The decision to invade Afghanistan was announced by the British Governor-General of India, Lord Auckland in the Simla Manifesto of October 1838, and was based upon several reasons. From the early 19th century onwards, Britain and Russia had been embroiled in a diplomatic cold war over the lands of Central Asia, which formed a buffer zone between Tsarist Russia and the ‘jewel in the crown’ of the British Empire, India. ‘The Great Game’ as it has come to be known, involved the territories of modern-day Iran, Afghanistan, Uzbekistan and Tajikistan, which were all witness to spying and scheming from both Britain and Russia.
Following the joint Russo-Persian siege of Herat in western Afghanistan in 1837-1838, the British high command in India believed it to be of the utmost importance to have an Afghan regime that would protect British India – Dost Mohammad was considered to have been in league with Russia throughout the 1830’s. Alongside the Russian threat, Britain valued the importance of its allyship with the Punjabi Kingdom of Ranjit Singh, who also preferred Shuja to Khan as ruler of Afghanistan – as evidenced by the Tripartite Treaty between Britain, Shuja and Singh in 1838. Afghanistan and Singh’s Kingdom had skirmished intermittently throughout the 20 years that preceded the war, and so the British decision to enter Afghanistan was founded upon both its desire to protect India from a potential Russian invasion, and to placate the Sikh Kingdom which bordered British India.
The British expedition entered Afghanistan in the spring of 1839, and after a series of short, successful conflicts, such as the Battle for Ghazni, Dost Mohammad was forced to flee the capital of Kabul in the summer of 1839, whereupon Shuja promptly took up his position as de facto leader of Afghanistan.

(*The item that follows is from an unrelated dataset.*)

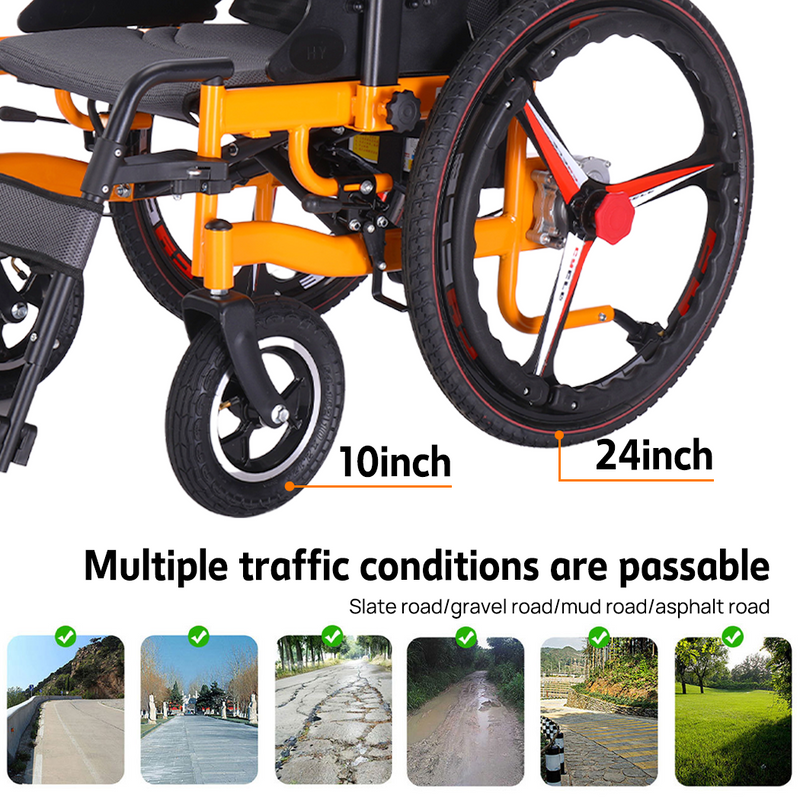 Load image into Gallery viewer, PORIYA Electric Wheelchair Folding Long Range Motorised Foldable Long Range w/ Bag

Khan fled but reconvened with a number of loyal troops in late 1840 to face the British forces once again. Despite defeating British cavalry at Parwan Darra, Dost Mohammad Khan surrendered on 2nd November 1840, where he was taken into captivity in India until 1842.

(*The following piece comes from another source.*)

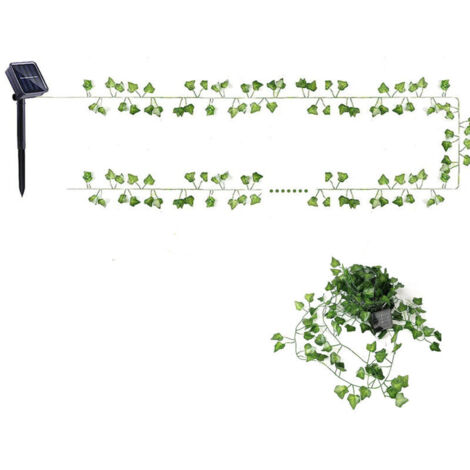 Guirlande lumineuse solaire d'extérieur, motif lierre artificiel, 10 mètres de long, 100 LED, 8 modes d'éclairage, idéale pour la décoration, les jardins, les terrasses, les balcons et les fêtes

However, although the British had ostensibly overseen Afghanistan through the puppet leader Shuja since the summer of 1839, their hold on power was exceedingly precarious. Discontentment grew throughout 1840 and 1841 with both Shuja’s reign and the British occupation. Rising taxes were needed to fund the Shah’s opulent lifestyle and inflation arose due to the increased demand for foodstuffs which was derived directly from the need to feed the occupying soldiers, and so the British soon became unpopular with the local population. The drinking and licentiousness of the occupying forces further inflamed the Islamic population, the political agent Alexander Burnes being an infamous offender in this regard. Local clerics began to call for holy war (jihad) to dispel the occupying force.
Opposition to British rule was successfully fomented by Akhbar Khan, the son of Dost Mohammad, following his father’s capture and on 2nd November 1841, an insurrection broke out in Kabul against the British occupation. This resulted in the death of Burnes, and so William Hay Macnaghten, another British political agent, was forced to negotiate the British withdrawal from Afghanistan in December.
However, as the troops, families and camp followers made their war to Jalalabad, Afghan tribesmen attacked and harried the force to the point of extinction; out of the 16,000 that left Kabul, a small number were taken hostage, and fewer still were able to make it alive to Jalalabad. The existence of British prisoners in Afghan hands justified a bloody-thirsty Army of Retribution that re-entered Afghanistan in the spring of 1842, to both retrieve the hostages and raze the Kabul bazaar, superficially allowing the British to claim the last word in an otherwise disastrous campaign. Shuja was later killed in Kabul and Khan returned to the throne, rendering the British efforts of the previous 4 years worthless.
Following the failures of 1839-1842, Britain chose not to enter into direct conflict with Afghanistan for the best part of 40 years, until the Second Anglo-Afghan War of 1878-1880, with the inaugural colonial failure perennially haunting successive British, Soviet and American invasions.
Similarly, the unsuccessful campaign struck at the heart of British pretensions to worldly superiority and colonial stability, and so the accumulated failures of 1839-1842 had consequences that echoed into the Indian Sepoy Mutiny of 1857. Rather than stabilising the North-Western Frontier of India, Britain antagonised a dangerous foe whilst internally weakening the symbolic infrastructure that allowed them to control swathes of the world. The war was resultantly described by a contemporary as a ‘war begun for no wise purpose’ and concluded with no obvious success.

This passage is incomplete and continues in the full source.